Rates now average about 5.7 percent, down 1 percentage point since July and approaching the record low of 5.23 percent set in June 2003.
During the first half of this decade, similar rates sparked refinancing stampedes, pulled first-time buyers into the market, and contributed to a prolonged economic expansion.
Now, lenders say the lower mortgage rates are prompting increased interest from potential borrowers, but mostly they are people who own homes already.
The Mortgage Bankers Association says applications for refinance loans soared 18.2 percent over the last month, while applications for loans to purchase homes barely budged. The association reported 63 percent of applicants want to refinance, up from about 50 percent last year.
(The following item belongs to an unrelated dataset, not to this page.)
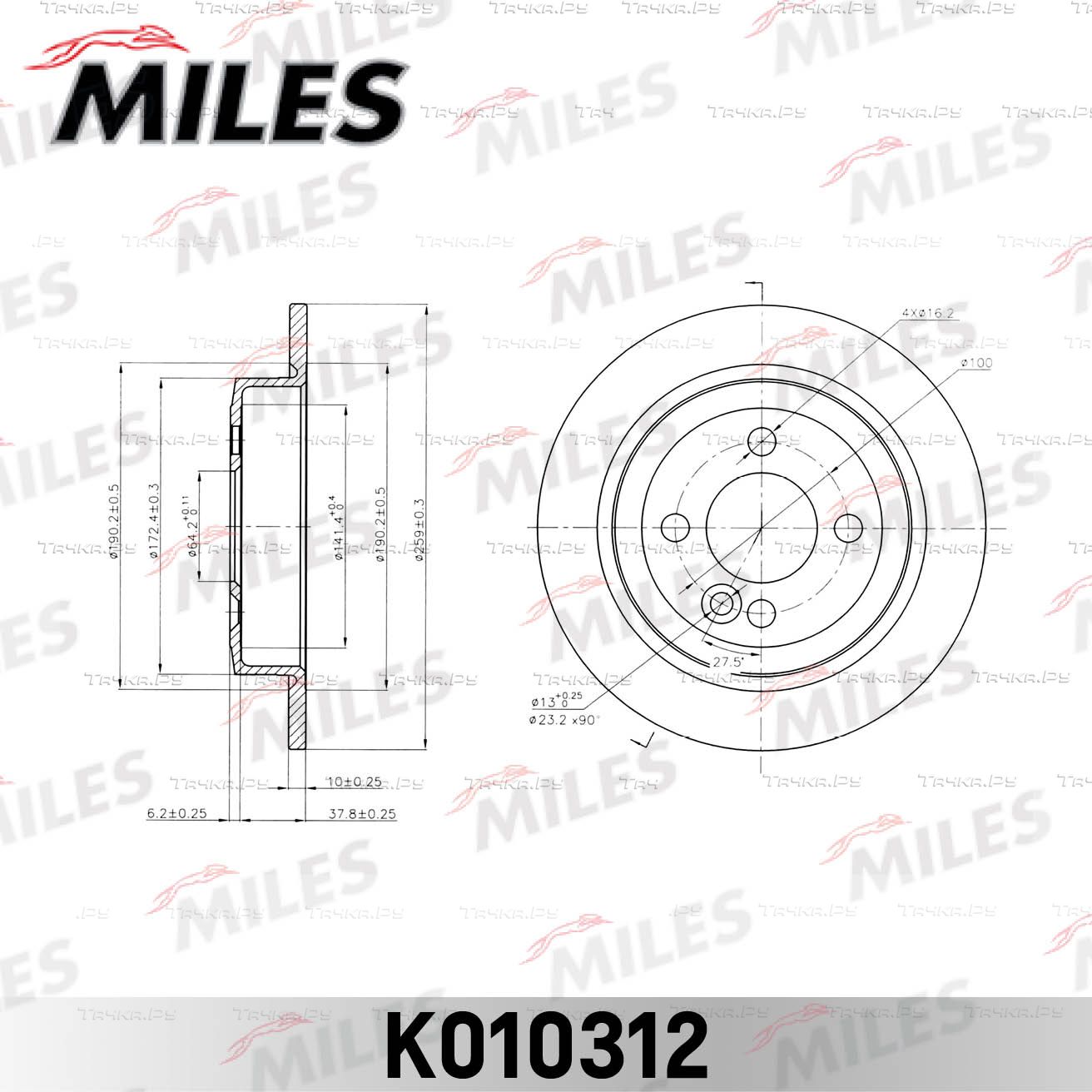 Тормозной диск Miles задний для MINI Clubman I (R55) 2007-2014. Артикул K010312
"We've seen more refis than we ordinarily would see," said Bill Mullin, president of NE Moves Mortgage, an arm of Coldwell Banker Residential Brokerage that specializes in lending. He said he was optimistic that home buying also would increase in the spring.
But rates are just part of what makes a home affordable and attractive as an investment. And all the other parts have gone wrong simultaneously.
Tighter lending standards counteract the impact of lower interest rates. A lower rate makes it cheaper to borrow a dollar, which means a person can borrow more dollars. But tighter standards reduce the number of dollars a person can borrow - or prevents him from borrowing anything at all.
Falling housing prices might seem to be a remedy, allowing people to purchase a home for less money. But many people are waiting for prices to stop falling, while others can't buy until they sell the homes they own. And economists say prices are likely to keep falling into 2009.
The souring economy is leaving people with less money to spend on housing.
"Buying a house right now is really risky," said Newport, of Global Insight. "In many cases, it's smarter to rent."
The moment remains ripe for those who can qualify for a refinancing loan. Mortgage rates have dropped 1 percentage point since July. On a $300,000 loan, that's a difference of about $200 a month. History says the bottom is near.
And waiting has its own perils: While rates are dropping, lenders continue to tighten qualification standards.
"Borrowers gambling on lower rates could find tighter underwriting guidelines throw cold water on their plans," said Greg McBride, senior financial analyst for Bankrate.com. "If you're in the market to refinance and you can qualify for a loan, do it now, because the underwriting guidelines are just as much a moving target as interest rates."
Also, mortgage rates could start rising again, even if the Fed keeps cutting short-term rates.
The interest rates on mortgages are determined by investors who bid to purchase loans from mortgage companies. The price goes down when competition increases, generally because other investments seem less attractive.
If the Fed succeeds in turning the economy, competition to buy mortgages may decrease, which would tend to increase interest rates, undermining the largest factor working in favor of the housing market.